I also added these because I wasn't able to trigger the command from the natively installed python application because I don't have the pyscopg_c binding installed in my computer (which is needed by psycopg, but doesn't get distributed directly with the python library)

Nice add. I assumed this would be needed in the near future, but had not spent any time on it yet. Thanks for adding it!

DavidDudas-Intuitial · 2024-11-01T20:45:31Z

@widal001 PTAL

widal001

LGTM! Thanks for fixing the timeout issue. I left a few other questions/suggestions, namely:

Considering adding a t_created to help us debug when records are created vs modified
Clarifying the behavior of gh_issue_history which seems to simply insert a new record for each effective date whether or not something has changed -- totally okay for now, but something we might want to reconsider in the long-run.

Neither of those things are blocking though, and I'd rather get something deployed today or tomorrow.

The same is true for testing -- we want to implement a minimum set of tests to pass the checks and prevent regressions if we change the load behavior, but we can break more robust testing into a follow-on ticket.

widal001 · 2024-11-04T15:11:47Z

analytics/src/analytics/integrations/etldb/main.py

+
+
+def sync_issues(db: EtlDb, dataset: EtlDataset, ghid_map: dict) -> dict:
+    """Insert or update (if necessary) a row for each issue and return a map of row ids."""


This most recent set of changes fixed the timeout beautifully!

However, when I was testing the history table, I noticed something kind of strange -- after changing the point value of a given ticket, I saw the point value change in the gh_issue_history table but there was still only one row for the issue whose point value I changed:

Am I misunderstanding how that table is supposed to work?

Nevermind see the following comment!

widal001 · 2024-11-04T15:17:53Z

analytics/src/analytics/integrations/etldb/issue_model.py

+            "insert into gh_issue_history (issue_id, status, is_closed, points, d_effective) "
+            "values (:issue_id, :status, :is_closed, :points, :effective) "
+            "on conflict (issue_id, d_effective) "
+            "do update set (status, is_closed, points, t_modified) = "
+            "(:status, :is_closed, :points, current_timestamp) "
+            "returning id",
+        )


Oh I see, so this table stores a new record for each effective date and multiple inserts in the same day simply overwrites the previous instance with the same effective date.

Yes, the granularity of updates is presumed to be daily

widal001 · 2024-11-04T15:19:27Z

analytics/src/analytics/integrations/etldb/create_etl_db.sql

+	d_effective DATE NOT NULL,
+	t_modified TIMESTAMP,
+	UNIQUE(issue_id, d_effective)


One thought on this and other tables -- it might be helpful to have a t_created column as well for debugging purposes.

That can be scoped into a future ticket though!

Good suggestion, and done: 8946b80

DavidDudas-Intuitial · 2024-11-05T19:38:22Z

@mdragon @coilysiren @acouch Can I please get your review? This is ready for merge, if you approve.

coilysiren

The parts I had the time to read look good to me. Please try to avoid submitting PRs > 500 lines though. They are very hard to review. The tremendous diff is probably how a previous PR ended up printing the database password, which is a violation of security policy.

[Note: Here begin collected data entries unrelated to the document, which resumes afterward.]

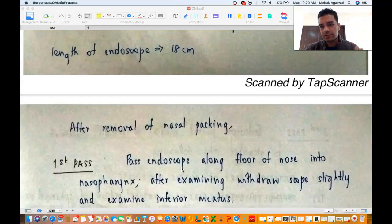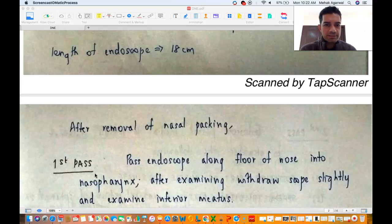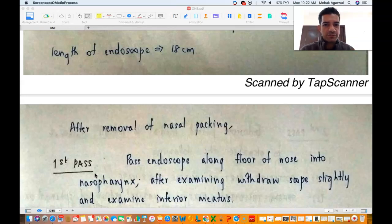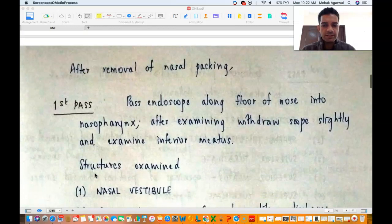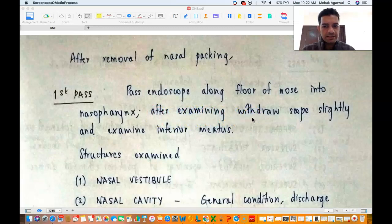You have prepared the patient, given adequate anesthesia, removed the nasal packing, and now you want to inspect the insides of the nose and see the nasal cavity completely on the left and right side. There are three different passes so that you don't miss out on any structure inside the nose, going in a very systematic approach. In the first pass, or inferior pass, you pass the endoscope along the floor of the nose straight into the nasopharynx. After examining the nasopharynx you withdraw the scope slightly anteriorly and inferiorly and examine the inferior meatus, then take it out.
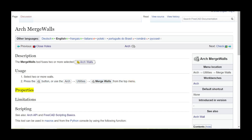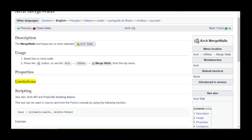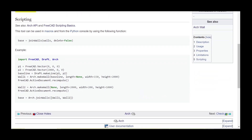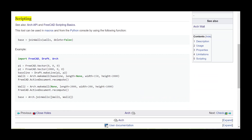Properties. Limitations. Scripting — see also the Arch API and FreeCAD scripting basics. This tool can be used in macros and from the Python console by using the following function.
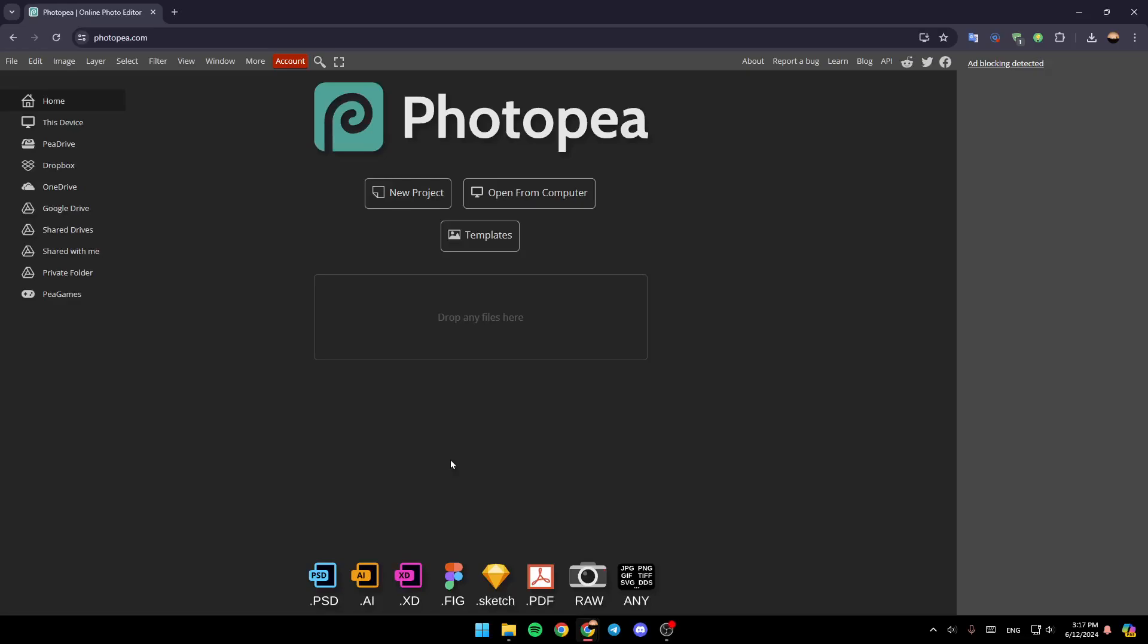Hello everyone, and welcome back to a new video. In this video, I'm going to show you how you can make a passport-sized photo in Photopea. So if you want to learn how to do it, just follow the steps that I'm going to show you.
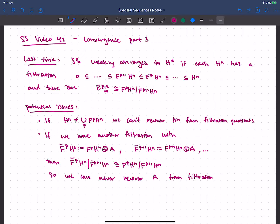So remember when we're talking about convergence there are these issues of how do we identify the E-infinity term. We wanted things to be regular so we could see nice stuff, and in particular if we were bounded below or bounded. This second issue says: if there are extra direct summands in each spot, we're never going to be able to recover those from the filtration quotients. So we want to rule those out.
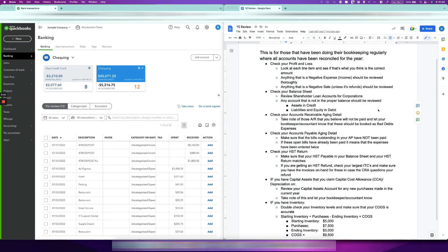Hi guys, it's Ariel here from Fix My Books, and today I'm going to go over things you should be reviewing in your QuickBooks Online account for your year end — or basically this will apply to any accounting software — just make sure that this is the review you do before giving your financials to your accountant or tax preparer.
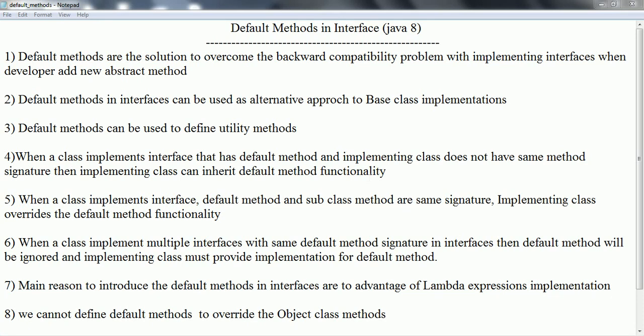Hi guys, this is Shivadi. In this session I am going to explain default methods in interface. This is the new feature which got introduced as part of Java 8. Before we go ahead and see default methods in interface, let us see what is the common problem we are going to face when we are working with the interface.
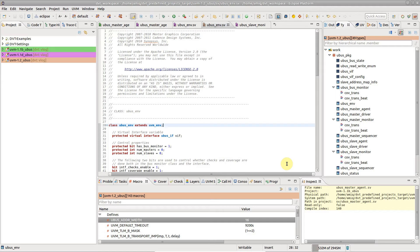DVT maps each project to a color by hashing the project's name. By default, the same project will be assigned the same color even in different workspaces or for different users on different machines.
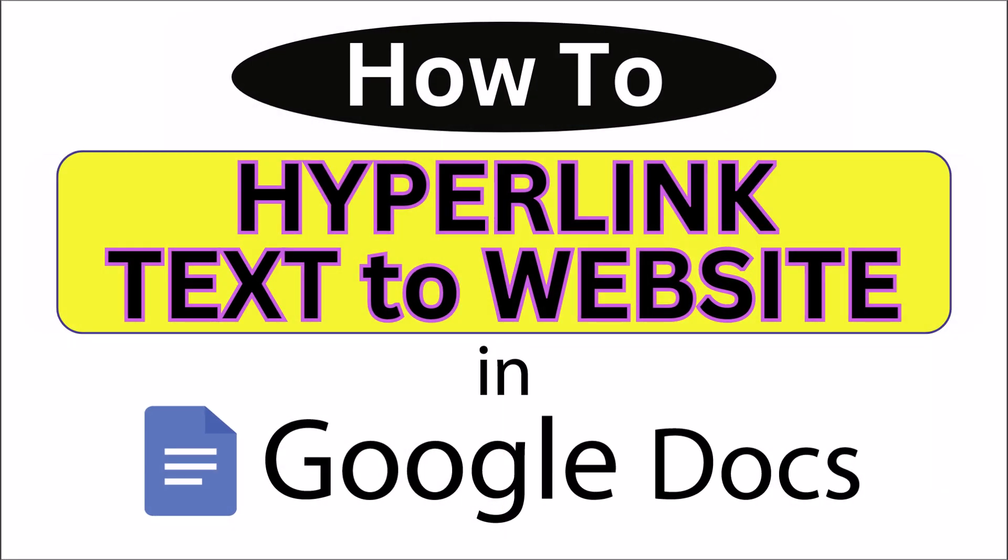This is going to be a video tutorial on how to hyperlink text to a website in Google Docs. I will be using a desktop PC for this. Let me jump over to my browser here.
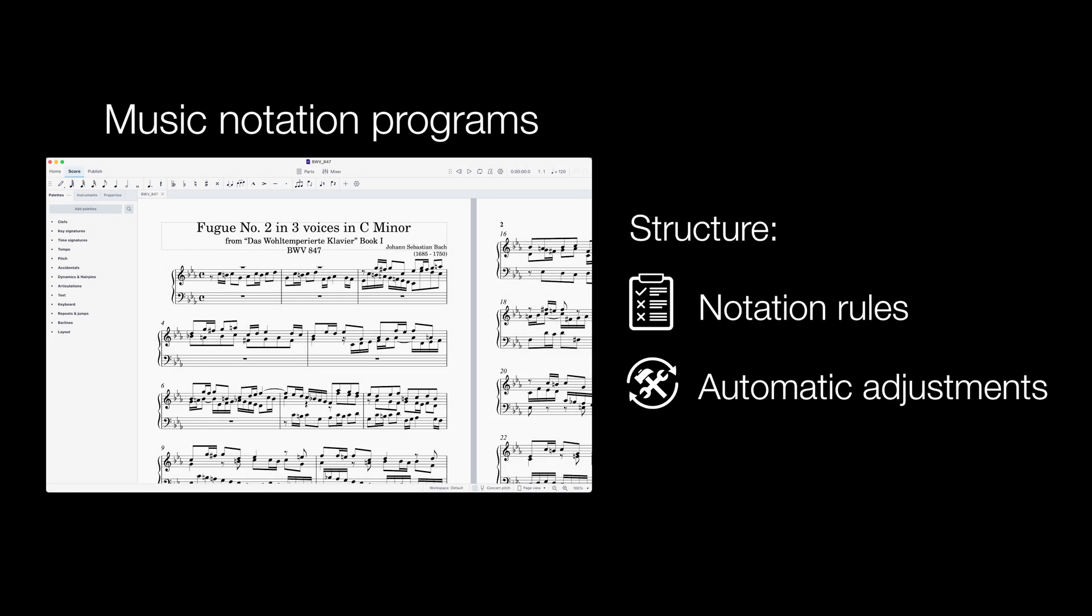Music notation programs are strongly structured, forcing composers to follow many rules and making automatic adjustments. This often hinders creative expression, but despite this, many composers use those programs throughout their creative workflow.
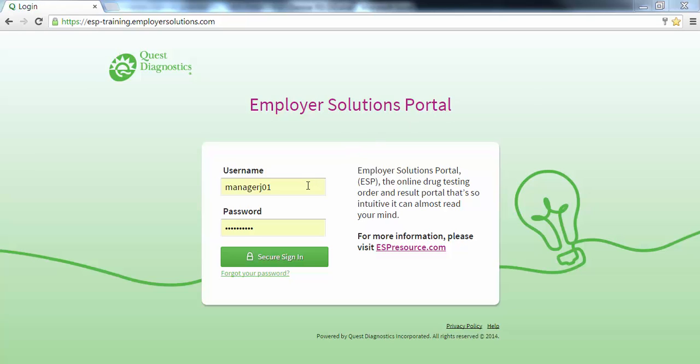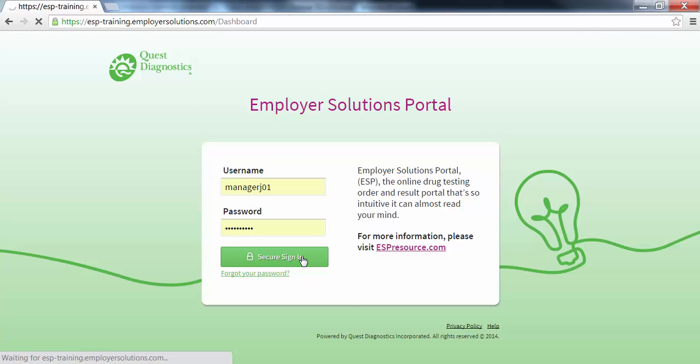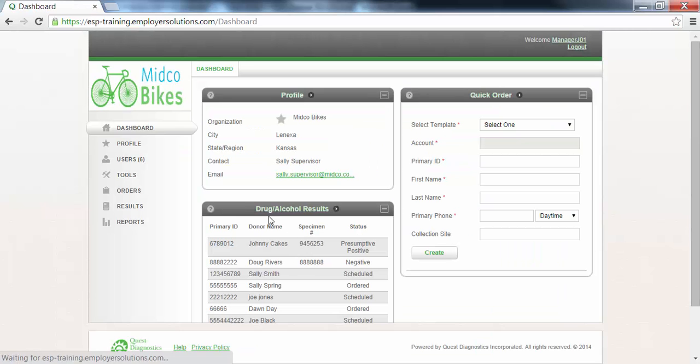At the login page enter your username and password and click the secure sign-in button. After successful login you will see the dashboard for your organization.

coilysiren · 2024-11-05T20:24:02Z

analytics/src/analytics/integrations/db.py

@@ -22,7 +22,6 @@ def get_db() -> Engine:
    A SQLAlchemy engine object representing the connection to the database.
    """
    db = get_db_settings()
-    print(f"postgresql+psycopg://{db.user}:{db.password}@{db.db_host}:{db.port}")


Yeah... please don't print out the password...

@coilysiren I agree with you. This is not my code; it was already there when I started.

coilysiren · 2024-11-05T20:25:33Z

analytics/Makefile

@@ -143,6 +144,20 @@ lint: ## runs code quality checks
 # Data Commands #
 #################

+init-db:
+	@echo "=> Initializing the database schema"
+	@echo "====================================================="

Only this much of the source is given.